Thursday, April 17, 2008

America's Most Wanted Go Long, Deep in 47-18 Rout of Rescue! 911

by Handsome Ink

Relying on tipped catches, one-handed grabs, and a 28-minute, 43-yard completion to Adam Tokarz, America's Most Wanted captured a dominating victory Wednesday afternoon at Joe Lauducci ACL Memorial Stadium in Norwood.

Team captain and ambassador to all that is good and holy Matt Moore paced AMW with more than a dozen catches and a stellar stint at safety on defense, earning MVP honors and forgiveness for naming the teams after what surely is some retarded wrestling reference. He caught the game's opening touchdown on a 4,637-yard bomb by Father Scott Priest. The pass, clocked at 569 miles per hour and producing 12 billion joules of energy, was said to have disrupted radar signals at Logan Airport and produced a sonic boom that struck a 400-mile-wide crater in one of Jupiter's moons. But that was said by Priest, so, you know, take it for what it is.

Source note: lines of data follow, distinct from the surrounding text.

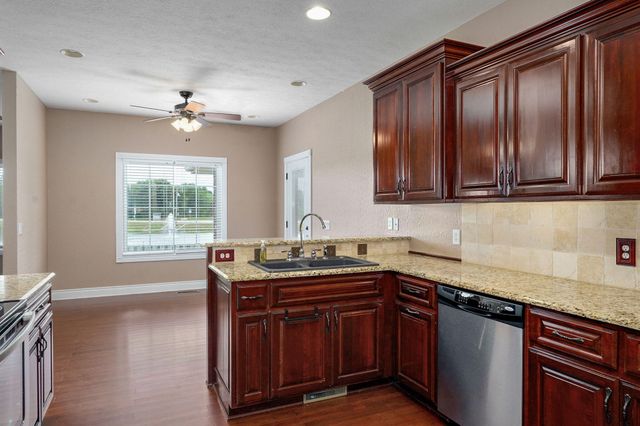 4566 East Kentbrook Drive, Springfield, MO 65802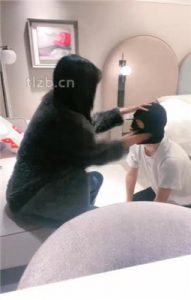 【绝美兔女王】跪舔长靴白袜裸足_绳缚吧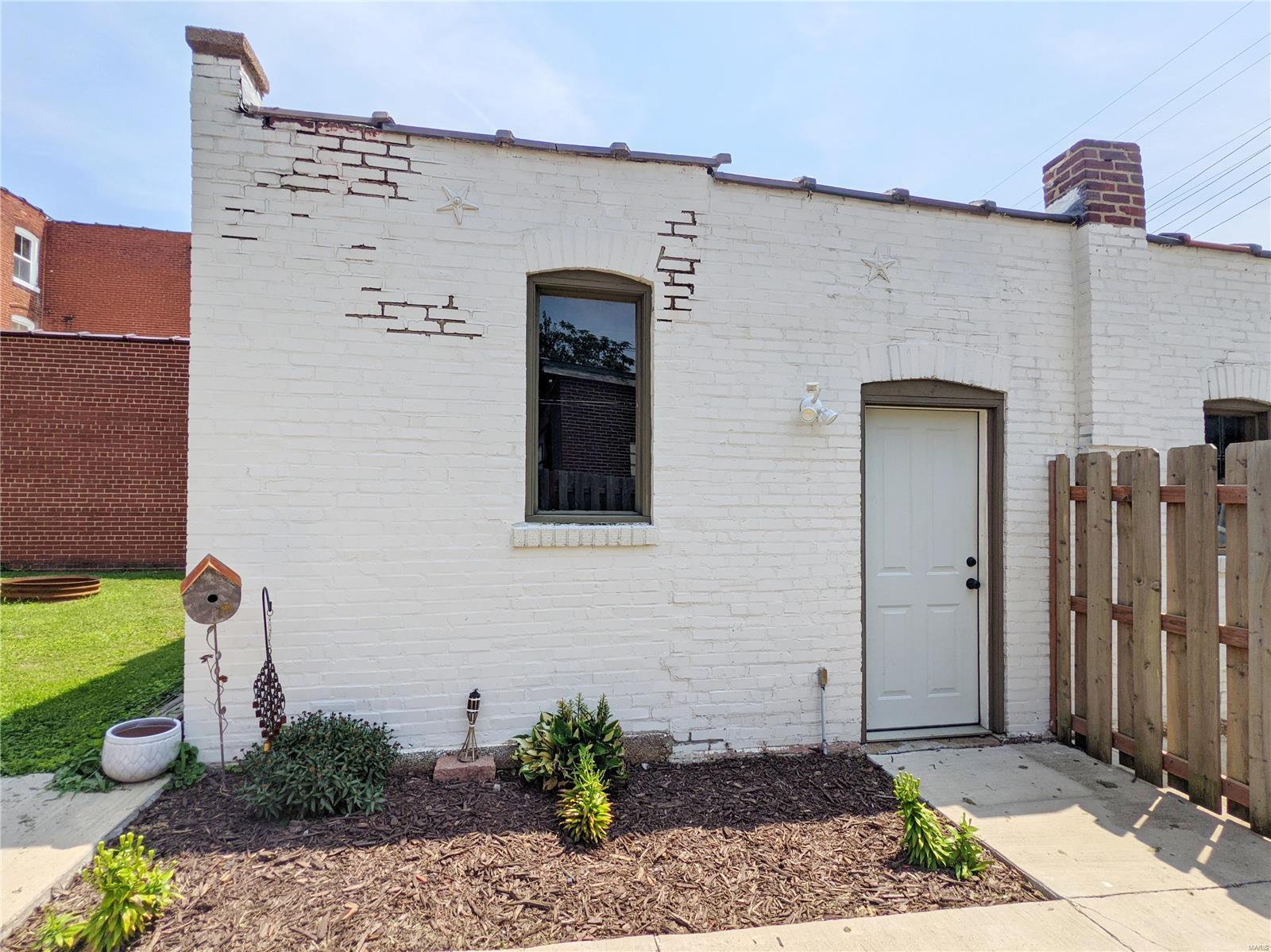 St Louis Commons Add - Residential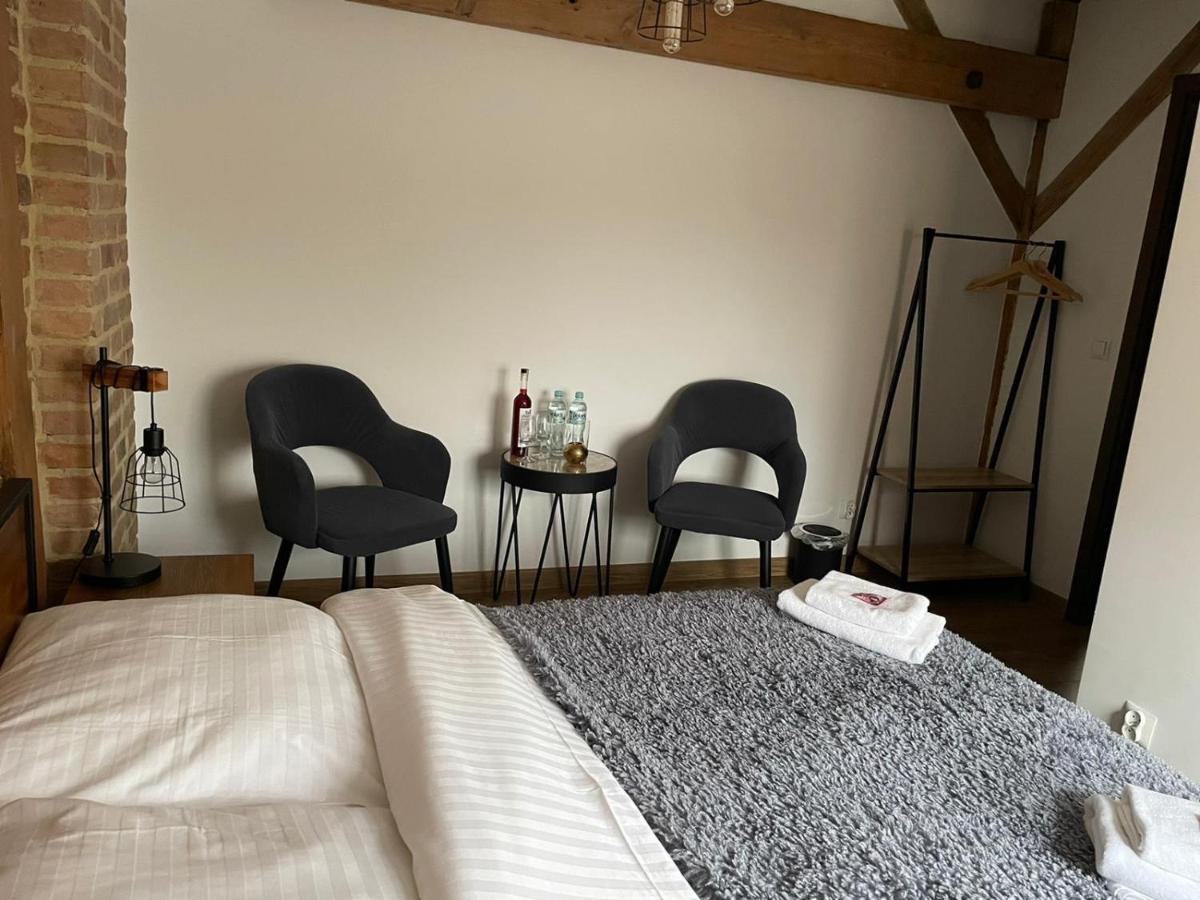 Miodosytnia Hotell Chwarszczany Eksteriør bilde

America's Most Wanted: Awesome former TNA tag team (James Storm, Chris Harris, and Gail Kim) AND retarded wrestling reference.

AMW clamped down on D and then quickly added two more scores; by the time Laura "the Gisele to Just Glaze's Tom Brady" Casasanto signaled the end of the first quarter it had the makings of a blowout with AMW up 19-0. But Nick "so this is how Redskins players feel, huh?" Fox would not be shut out, composuring his team to a TD to get on the scoreboard before the half.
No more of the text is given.